= Exercise aim =
Repeat, word for word and with nothing added, each line from the one containing "Banxidi Girls' Summer" to the final line of the data, keeping both ends. Pictures are not part of the copy.

= Working data =
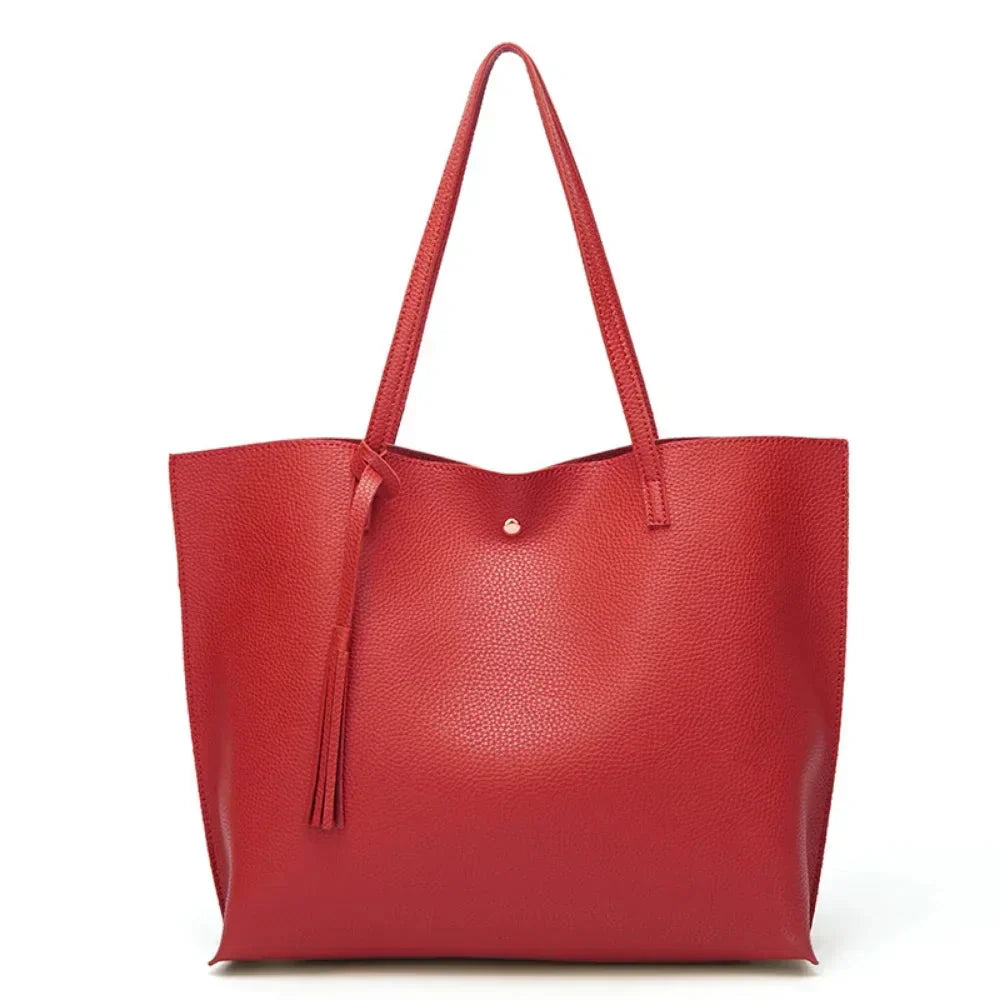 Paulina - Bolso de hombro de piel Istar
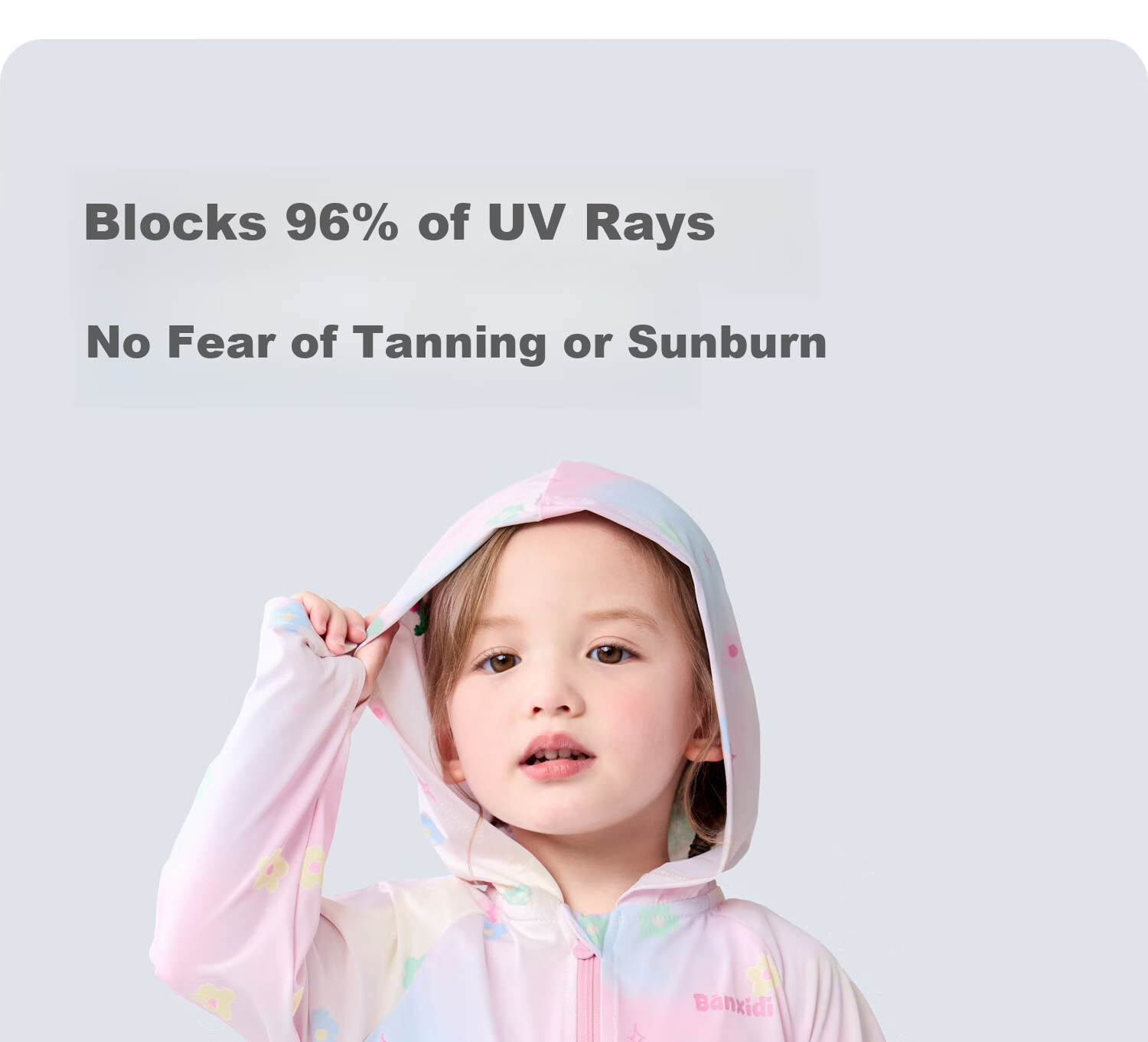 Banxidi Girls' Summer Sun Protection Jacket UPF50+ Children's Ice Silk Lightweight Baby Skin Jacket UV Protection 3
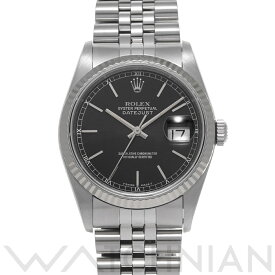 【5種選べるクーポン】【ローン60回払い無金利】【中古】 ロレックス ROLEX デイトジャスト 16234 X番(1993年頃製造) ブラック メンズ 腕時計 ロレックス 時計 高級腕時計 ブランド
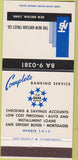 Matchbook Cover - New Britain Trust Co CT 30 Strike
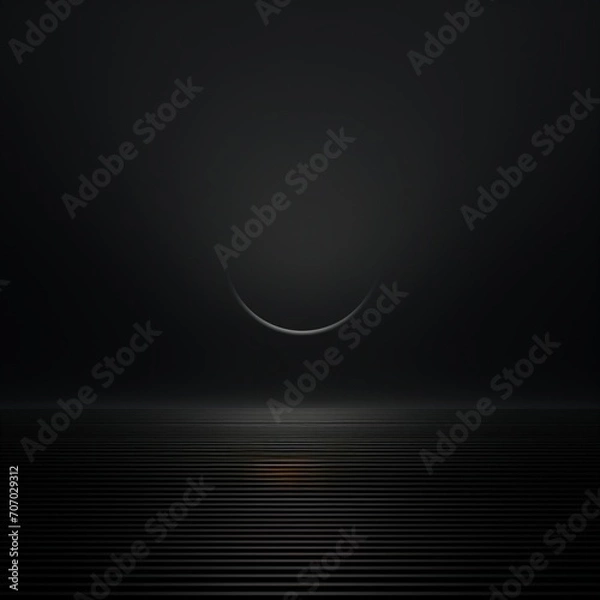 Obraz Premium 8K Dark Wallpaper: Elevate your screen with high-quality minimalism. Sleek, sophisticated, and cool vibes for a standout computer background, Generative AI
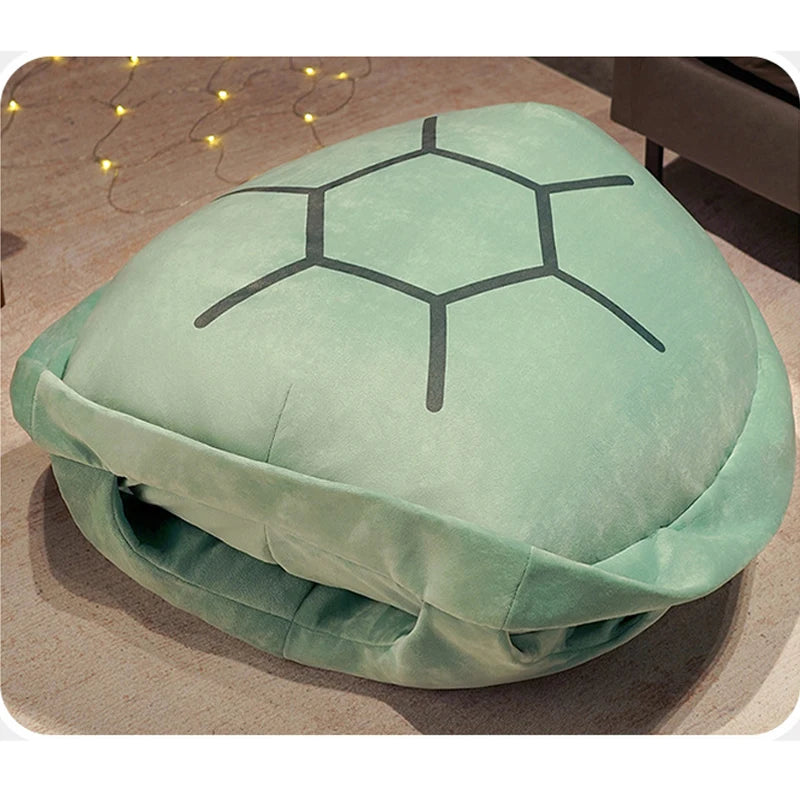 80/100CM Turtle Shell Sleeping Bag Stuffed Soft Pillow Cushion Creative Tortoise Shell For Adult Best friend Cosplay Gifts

= Solution to this problem =
 Banxidi Girls' Summer Sun Protection Jacket UPF50+ Children's Ice Silk Lightweight Baby Skin Jacket UV Protection 3
 【5種選べるクーポン】【ローン60回払い無金利】【中古】 ロレックス ROLEX デイトジャスト 16234 X番(1993年頃製造) ブラック メンズ 腕時計 ロレックス 時計 高級腕時計 ブランド
 Matchbook Cover - New Britain Trust Co CT 30 Strike
 Obraz Premium 8K Dark Wallpaper: Elevate your screen with high-quality minimalism. Sleek, sophisticated, and cool vibes for a standout computer background, Generative AI
 80/100CM Turtle Shell Sleeping Bag Stuffed Soft Pillow Cushion Creative Tortoise Shell For Adult Best friend Cosplay Gifts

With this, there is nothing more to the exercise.